The West Nile virus was eliminated in intentionally infected lab mice, and it has already promoted the recovery of a woman at Netanya’s Laniado Hospital.Israeli microbiologists have developed the first passive vaccine against the mosquito-borne West Nile virus, which has killed thousands and infected many more around the world. In the U.S. alone, it has killed 282 and infected 4,156.

The vaccine, called Omr-IgG-am, is effective for six weeks. It is based on a protein group found in the blood’s liquid component called immunoglobulin, which is taken from blood donors found to contain active antibodies against the virus, for which there is no available cure.

“This group contains all the antibodies that a human develops in his lifetime once he is exposed to bacteria, viruses and the like,” said team leader Professor Bracha Rager. Until recently she was chief scientist of the Health Ministry, and is also a veteran researcher at Ben-Gurion University of the Negev’s microbiology and immunology department. Her collaborator in the research was Dr. David Ben-Nathan of the Biological Institute in Ness Ziona.

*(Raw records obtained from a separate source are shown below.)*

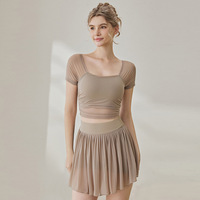Ensemble de yoga 2 pièces pour femme, couleur unie, respirant, en maille, pour l'été, avec jupe plissée anti-exposition pour le fitness et le tennis
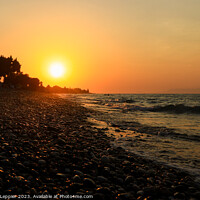 Buy canvas prints of Rhodes Beach Sunset and Pebbles by Michele Leppier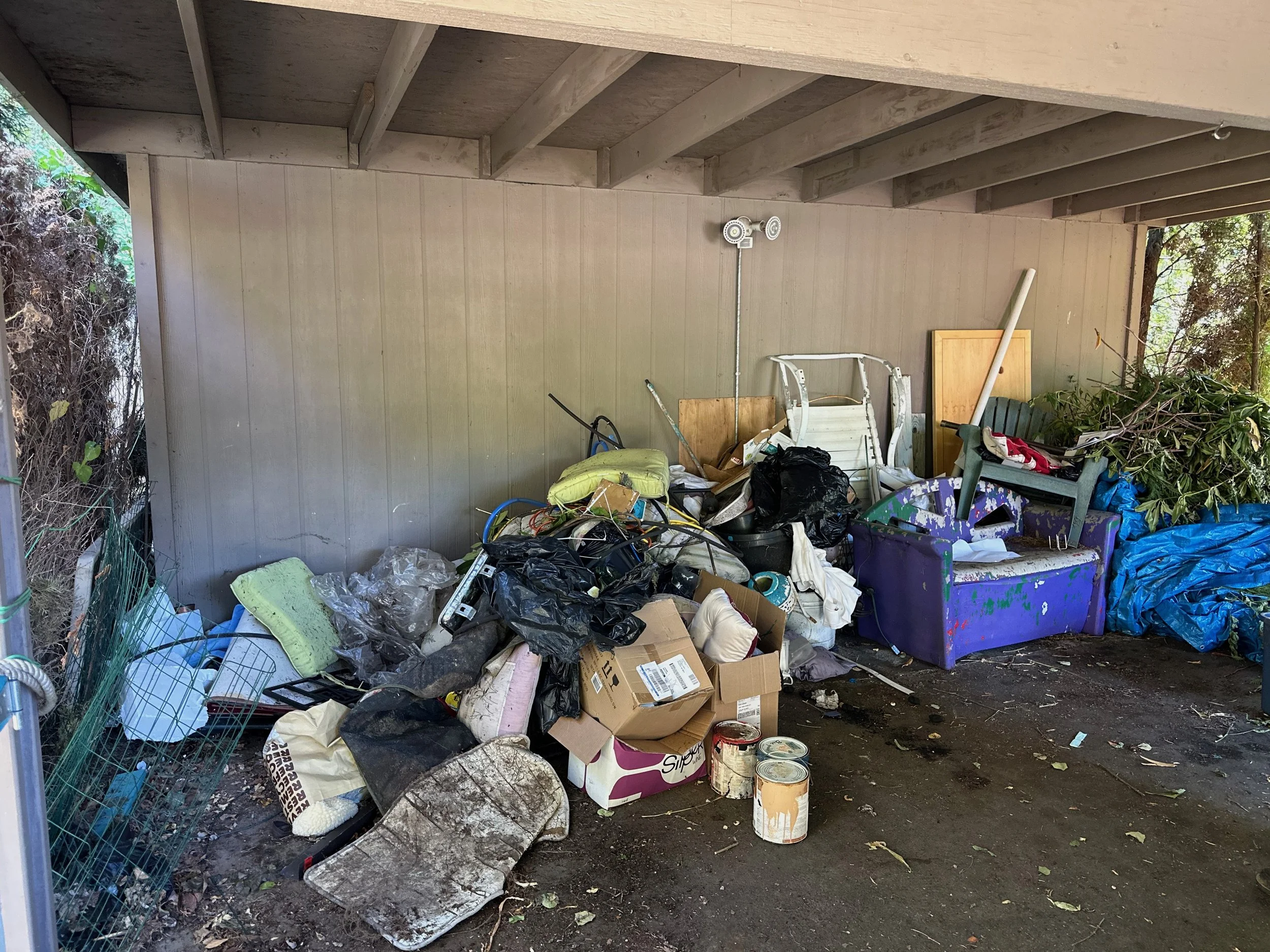 Before carport trash clean-out Puyallup WA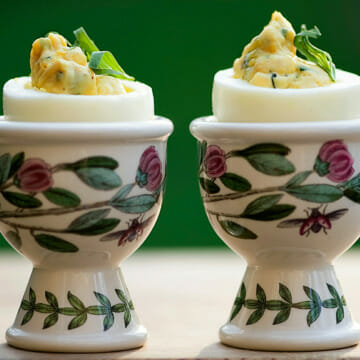 Tarragon deviled eggs in egg cups.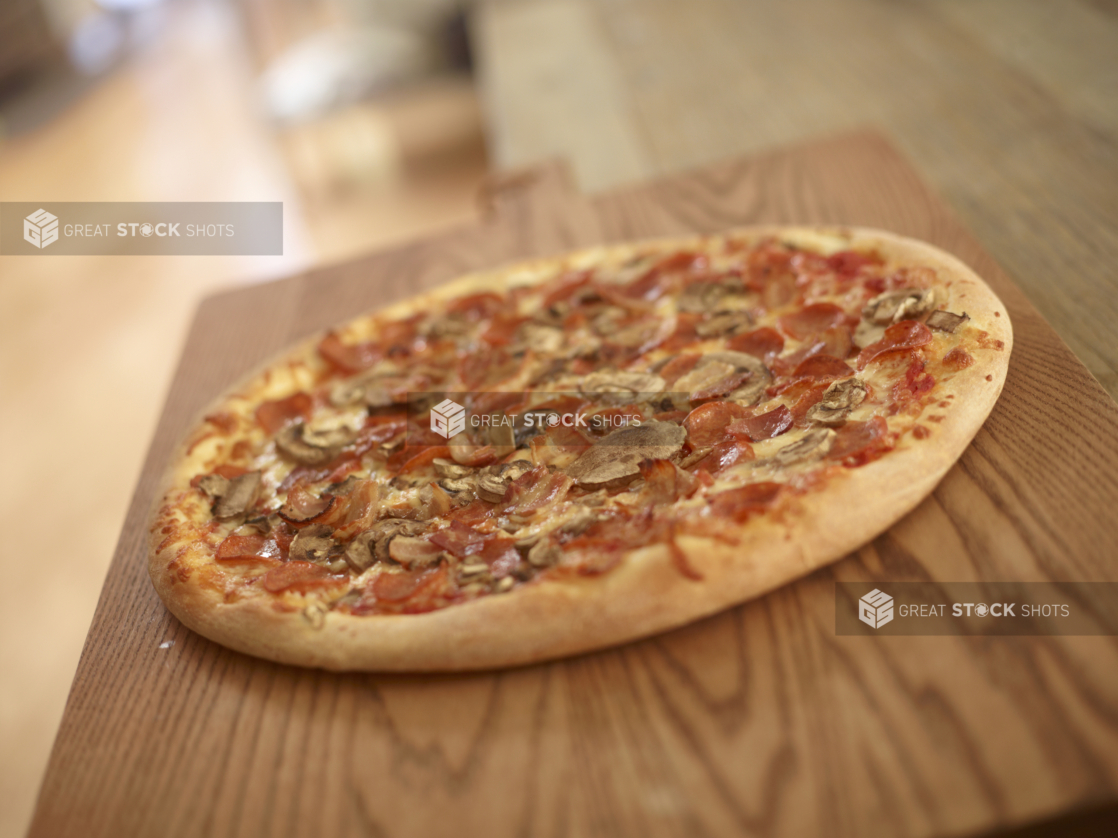 Whole Canadian Pizza with Pepperoni, Bacon and Mushrooms on a Wooden Cutting Board in a Dining Room Setting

The researchers succeeded in isolating the “defensive antibodies” produced from a group of proteins taken from Israeli blood donors who had come in contact with the virus. The antibodies were injected into mice who had been infected with the West Nile virus.

The disease was eliminated in the intentionally infected lab mice, and it has already promoted the recovery of a woman at Netanya’s Laniado Hospital.

As a result of their work, published in the July issue of The Journal of Infectious Diseases, the vaccine is about to undergo clinical trials at a number of American hospitals, under supervision of the US National Institutes of Health in Bethesda, Maryland. The trials are being carried out in cooperation with the Israeli biotechnology company Omrix, which has purchased the rights to manufacture the vaccine.

Rager’s team is currently working on an active vaccine that would have a more lasting and powerful effect.

“The research is pinned on our success in proving the effectiveness of the antibody
treatment against the disease. Not every disease can be treated in this way,” Rager said. “In the future, we will know how to produce immunoglobulins that will include the precise amounts of defensive antibodies and it will be possible to build a standard for the treatment of the disease. In addition, we will attempt to develop a vaccine for people who have not yet been infected by the disease.”

Until the late 1990s, West Nile virus was limited to Africa, East Asia, parts of the Middle East, and Europe. But in 2000, there were serious outbreaks in the US, Israel, and other countries. In Israel, a few dozen people died and hundreds were infected.

The disease appears as a flu-like condition, and is harmless to healthy people. But it can be deadly in individuals with weak immune systems, such as the chronically ill, the elderly, and young children.

The virus is found mostly in wild birds and sometimes mammals. People become infected by mosquitos which bite them after biting the mammals or birds. Infected people are liable to die from complications such as meningitis and encephalitis.

This year, despite the heavy rains, there have been only four reported cases of infection here. The authorities credit improved draining of standing water and insecticide spraying, as well as better protection (screens, mosquito repellant, proper dress) by those at high risk.

Rager told The Jerusalem Post that the initial results elicited skepticism among doctors, because the vaccine was tried on only a few patients. But the recovery of the woman from a coma after being vaccinated, despite having contracted chronic lymphocytic leukemia, led to the decision to conduct clinical trials.
Six other very sick local West Nile virus patients have been treated, and two (including a lung transplant patient) improved.

“If the high incidence of severe West Nile virus observed in 2002 in North America is repeated in coming years, there may exist a unique opportunity to determine whether early treatment… with [the] specific antibody is beneficial,” said NIH researchers. Rager added that approval of the vaccine is likely to be swift, not only because immunoglobulins are well known and used for other diseases, but also because the virus is spreading rapidly around the world.